Though the Aryans and later the northern rulers never penetrated so far into the south, South Indians cannot be easily stereotyped. Kerala hosts the oldest Jewish community in the world outside of the Middle-East, and a Christian community going back to the first decades after Christ (and therefore having a faith and rituals much older than those of the European missionaries who arrived centuries later). In the south-east the travel was all in the other direction, with traders and colonists a thousand years ago venturing to Sri Lanka and as far afield as Indonesia, but receiving virtually no visitors themselves from across the seas.
What makes so many people one people? One answer is the physical realities of the subcontinent - mountains to the north and northwest, water surrounding the rest - which have carved out a distinct geographical space for Indians to inhabit. Through the millennia, the peoples of India have moved freely within this space, the political and territorial boundaries within them ever shifting and always fungible; but they have rarely, if ever, ventured beyond these natural confines without being conscious of entering alien lands. A second, equally revealing, answer may be found in the attitude of generations of foreigners, from Alexander the Great to the first of the Great Mughals, Babur, who consistently saw the peoples of the land beyond the Indus - "Hindustan" - as one. Divided, variegated, richly differentiated, but one.

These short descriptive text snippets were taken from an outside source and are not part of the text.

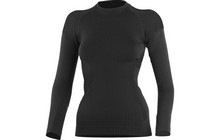 Термофутболка Lasting Sita - фото 2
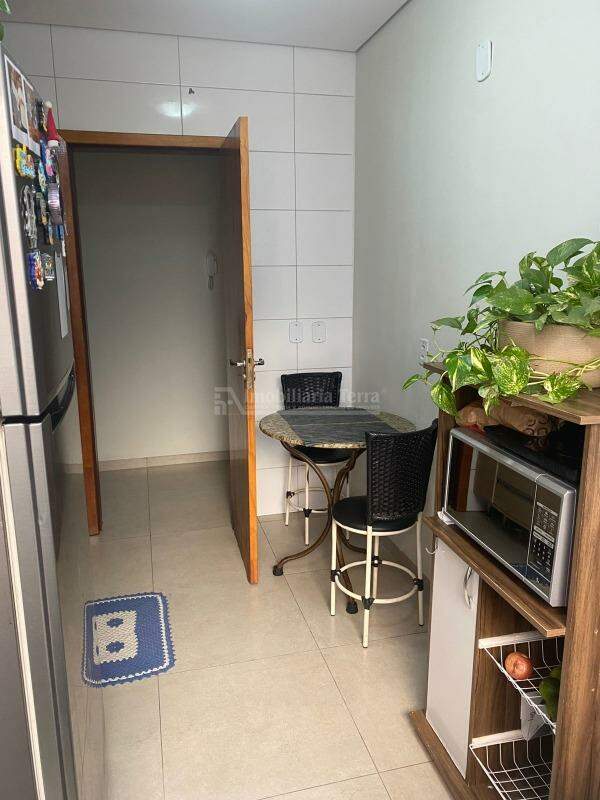 Apartamento com 2 quartos no Jardim Climax em Dourados/MS — foto 2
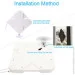  3G/4G MIMO    TS9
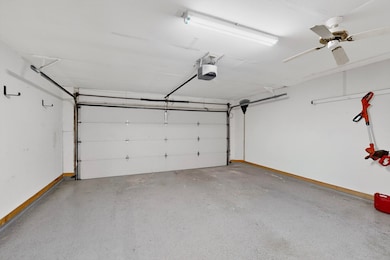 2426 Sutton Dr, Arlington, TX 76018 - photo 5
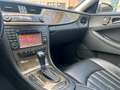 Mercedes-Benz CLS 320 CLS 350 CDI*Navi-Comand*Memory* Leder*Bi-Xenon Grau - thumbnail 17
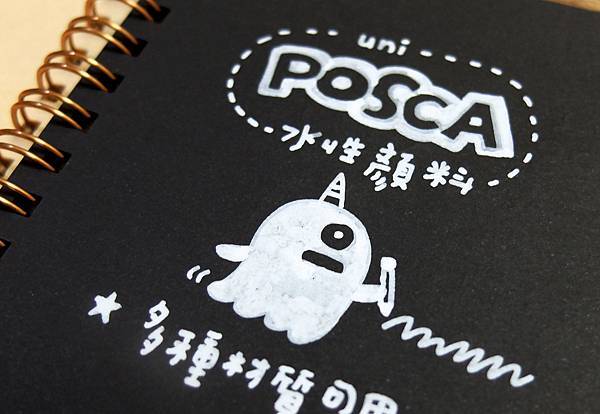 DSCF3251.JPG DSCF3251.JPG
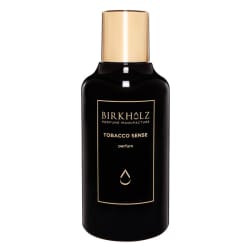 Birkholz Tobacco Sense EdP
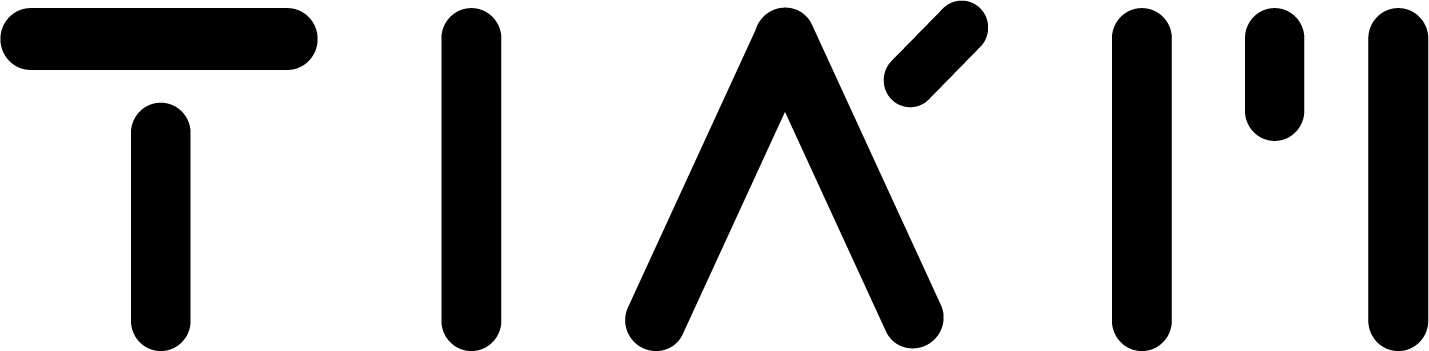 TIAM｜韓国発のビタミンコスメブランド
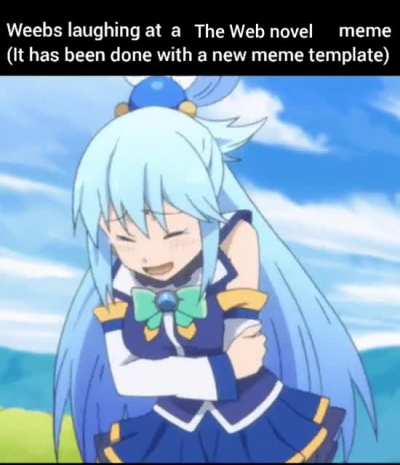 missed something?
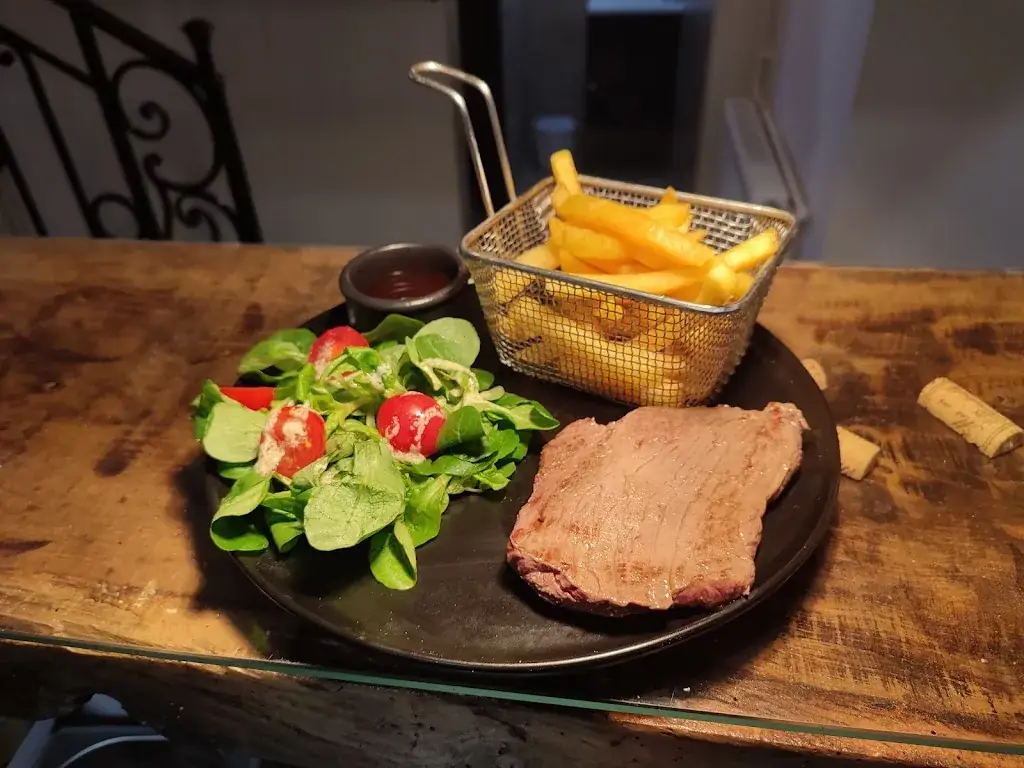 Mamousse Restaurant Pizza Brunch_Loyettes_slider_image_2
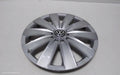 VOLKSWAGEN TRANSPORTER WHEEL COVER/HUB CAP, T6, 07/2015 - 08/2024 - Image 1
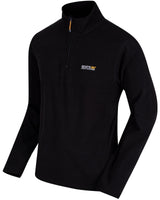 Regatta Thompson Fleece Polo Polar Hombre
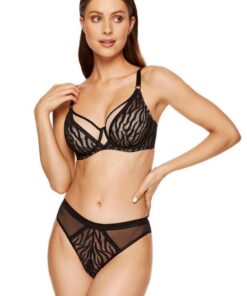 Alternative view of Semi-soft model 195705 Gorteks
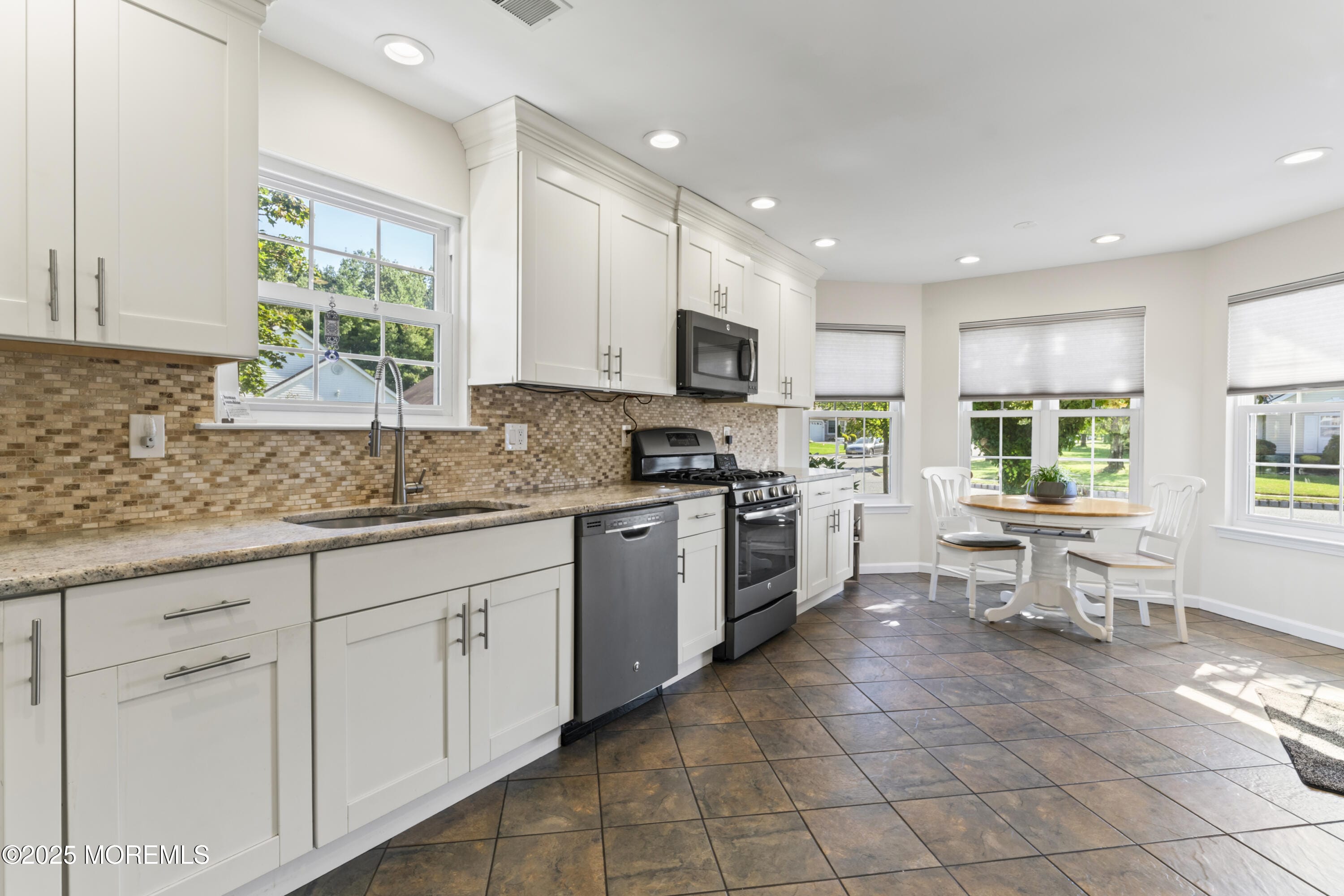 3354 Deep River Lane, Toms River, NJ, 08755 image 9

The history of each of the many peoples of India overlaps with each of the others, but only marginally with those outside the geopolitical space of the subcontinent. Their travails and triumphs, their battles and their blessings, their dreams and defeats, have all been shared with other Indians. History has bound them together as indissolubly as geography.
With diversity emerging from its geography and inscribed in its history, India was made for pluralism. It is not surprising, then, that the political life of modern India has been rather like traditional Indian music: the broad basic rules are firmly set, but within them one is free to improvise, unshackled by a written score.